_Saved data entries_
┄┄┄┄┄┄

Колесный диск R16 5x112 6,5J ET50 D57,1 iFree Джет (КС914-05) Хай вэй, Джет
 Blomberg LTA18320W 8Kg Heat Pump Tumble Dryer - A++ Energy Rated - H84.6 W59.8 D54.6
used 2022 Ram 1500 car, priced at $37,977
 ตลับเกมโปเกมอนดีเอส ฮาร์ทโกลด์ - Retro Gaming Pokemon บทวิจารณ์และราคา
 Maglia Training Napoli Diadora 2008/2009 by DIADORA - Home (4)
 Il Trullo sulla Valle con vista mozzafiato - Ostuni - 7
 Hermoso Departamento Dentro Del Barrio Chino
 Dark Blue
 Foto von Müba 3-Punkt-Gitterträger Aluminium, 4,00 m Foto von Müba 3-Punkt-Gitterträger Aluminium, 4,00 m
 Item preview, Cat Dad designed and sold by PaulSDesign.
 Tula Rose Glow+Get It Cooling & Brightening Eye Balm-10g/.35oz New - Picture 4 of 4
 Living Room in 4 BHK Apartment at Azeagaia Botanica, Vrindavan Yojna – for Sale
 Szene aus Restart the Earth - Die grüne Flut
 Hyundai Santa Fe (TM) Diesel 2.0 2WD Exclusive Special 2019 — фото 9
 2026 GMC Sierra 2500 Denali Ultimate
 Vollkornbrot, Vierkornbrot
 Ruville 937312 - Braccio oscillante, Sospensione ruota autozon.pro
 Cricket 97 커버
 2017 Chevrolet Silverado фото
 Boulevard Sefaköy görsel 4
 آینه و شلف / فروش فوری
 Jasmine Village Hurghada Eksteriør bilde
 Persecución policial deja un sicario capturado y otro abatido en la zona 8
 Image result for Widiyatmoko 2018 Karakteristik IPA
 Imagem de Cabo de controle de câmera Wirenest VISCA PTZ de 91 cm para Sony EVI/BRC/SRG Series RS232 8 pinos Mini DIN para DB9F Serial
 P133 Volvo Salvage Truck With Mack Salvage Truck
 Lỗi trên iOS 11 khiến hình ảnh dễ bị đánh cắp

┄┄┄┄┄┄

_Your objective_
Reproduce all the records, exactly and in full.

_Expected answer_
Колесный диск R16 5x112 6,5J ET50 D57,1 iFree Джет (КС914-05) Хай вэй, Джет
 Blomberg LTA18320W 8Kg Heat Pump Tumble Dryer - A++ Energy Rated - H84.6 W59.8 D54.6
used 2022 Ram 1500 car, priced at $37,977
 ตลับเกมโปเกมอนดีเอส ฮาร์ทโกลด์ - Retro Gaming Pokemon บทวิจารณ์และราคา
 Maglia Training Napoli Diadora 2008/2009 by DIADORA - Home (4)
 Il Trullo sulla Valle con vista mozzafiato - Ostuni - 7
 Hermoso Departamento Dentro Del Barrio Chino
 Dark Blue
 Foto von Müba 3-Punkt-Gitterträger Aluminium, 4,00 m Foto von Müba 3-Punkt-Gitterträger Aluminium, 4,00 m
 Item preview, Cat Dad designed and sold by PaulSDesign.
 Tula Rose Glow+Get It Cooling & Brightening Eye Balm-10g/.35oz New - Picture 4 of 4
 Living Room in 4 BHK Apartment at Azeagaia Botanica, Vrindavan Yojna – for Sale
 Szene aus Restart the Earth - Die grüne Flut
 Hyundai Santa Fe (TM) Diesel 2.0 2WD Exclusive Special 2019 — фото 9
 2026 GMC Sierra 2500 Denali Ultimate
 Vollkornbrot, Vierkornbrot
 Ruville 937312 - Braccio oscillante, Sospensione ruota autozon.pro
 Cricket 97 커버
 2017 Chevrolet Silverado фото
 Boulevard Sefaköy görsel 4
 آینه و شلف / فروش فوری
 Jasmine Village Hurghada Eksteriør bilde
 Persecución policial deja un sicario capturado y otro abatido en la zona 8
 Image result for Widiyatmoko 2018 Karakteristik IPA
 Imagem de Cabo de controle de câmera Wirenest VISCA PTZ de 91 cm para Sony EVI/BRC/SRG Series RS232 8 pinos Mini DIN para DB9F Serial
 P133 Volvo Salvage Truck With Mack Salvage Truck
 Lỗi trên iOS 11 khiến hình ảnh dễ bị đánh cắp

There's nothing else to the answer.